[THE PROBLEM] Starting at the line that contains "Comparazione e diritto civile - Librerie.coop Comparazione", return every line through the end of the entries below, exactly and with nothing else.

*** Opening of GIVEN RECORDS ***

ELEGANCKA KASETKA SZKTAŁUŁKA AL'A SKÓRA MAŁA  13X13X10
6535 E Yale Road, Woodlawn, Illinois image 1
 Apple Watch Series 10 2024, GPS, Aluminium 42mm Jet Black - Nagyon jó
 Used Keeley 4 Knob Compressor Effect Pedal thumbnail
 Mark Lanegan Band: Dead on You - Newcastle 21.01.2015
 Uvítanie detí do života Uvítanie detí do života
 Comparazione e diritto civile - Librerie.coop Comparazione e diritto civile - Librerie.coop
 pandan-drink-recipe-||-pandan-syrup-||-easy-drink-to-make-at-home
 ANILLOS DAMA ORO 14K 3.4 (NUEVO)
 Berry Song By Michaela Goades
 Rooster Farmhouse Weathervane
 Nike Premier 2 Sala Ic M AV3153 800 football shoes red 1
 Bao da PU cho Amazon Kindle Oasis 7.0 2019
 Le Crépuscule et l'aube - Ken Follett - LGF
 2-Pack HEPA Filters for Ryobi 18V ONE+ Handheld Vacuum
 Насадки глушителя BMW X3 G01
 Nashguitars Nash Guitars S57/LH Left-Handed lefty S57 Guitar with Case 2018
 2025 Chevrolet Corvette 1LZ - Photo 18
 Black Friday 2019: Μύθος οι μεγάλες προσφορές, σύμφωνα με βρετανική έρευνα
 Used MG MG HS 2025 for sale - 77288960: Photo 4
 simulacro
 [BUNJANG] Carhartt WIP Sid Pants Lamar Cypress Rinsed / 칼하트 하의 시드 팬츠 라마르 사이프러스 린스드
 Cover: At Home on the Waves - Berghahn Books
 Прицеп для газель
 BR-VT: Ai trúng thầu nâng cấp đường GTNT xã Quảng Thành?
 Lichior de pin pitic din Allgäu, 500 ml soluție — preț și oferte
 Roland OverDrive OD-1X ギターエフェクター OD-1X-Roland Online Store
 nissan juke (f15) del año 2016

*** Close of GIVEN RECORDS ***

[SOLUTION]
 Comparazione e diritto civile - Librerie.coop Comparazione e diritto civile - Librerie.coop
 pandan-drink-recipe-||-pandan-syrup-||-easy-drink-to-make-at-home
 ANILLOS DAMA ORO 14K 3.4 (NUEVO)
 Berry Song By Michaela Goades
 Rooster Farmhouse Weathervane
 Nike Premier 2 Sala Ic M AV3153 800 football shoes red 1
 Bao da PU cho Amazon Kindle Oasis 7.0 2019
 Le Crépuscule et l'aube - Ken Follett - LGF
 2-Pack HEPA Filters for Ryobi 18V ONE+ Handheld Vacuum
 Насадки глушителя BMW X3 G01
 Nashguitars Nash Guitars S57/LH Left-Handed lefty S57 Guitar with Case 2018
 2025 Chevrolet Corvette 1LZ - Photo 18
 Black Friday 2019: Μύθος οι μεγάλες προσφορές, σύμφωνα με βρετανική έρευνα
 Used MG MG HS 2025 for sale - 77288960: Photo 4
 simulacro
 [BUNJANG] Carhartt WIP Sid Pants Lamar Cypress Rinsed / 칼하트 하의 시드 팬츠 라마르 사이프러스 린스드
 Cover: At Home on the Waves - Berghahn Books
 Прицеп для газель
 BR-VT: Ai trúng thầu nâng cấp đường GTNT xã Quảng Thành?
 Lichior de pin pitic din Allgäu, 500 ml soluție — preț și oferte
 Roland OverDrive OD-1X ギターエフェクター OD-1X-Roland Online Store
 nissan juke (f15) del año 2016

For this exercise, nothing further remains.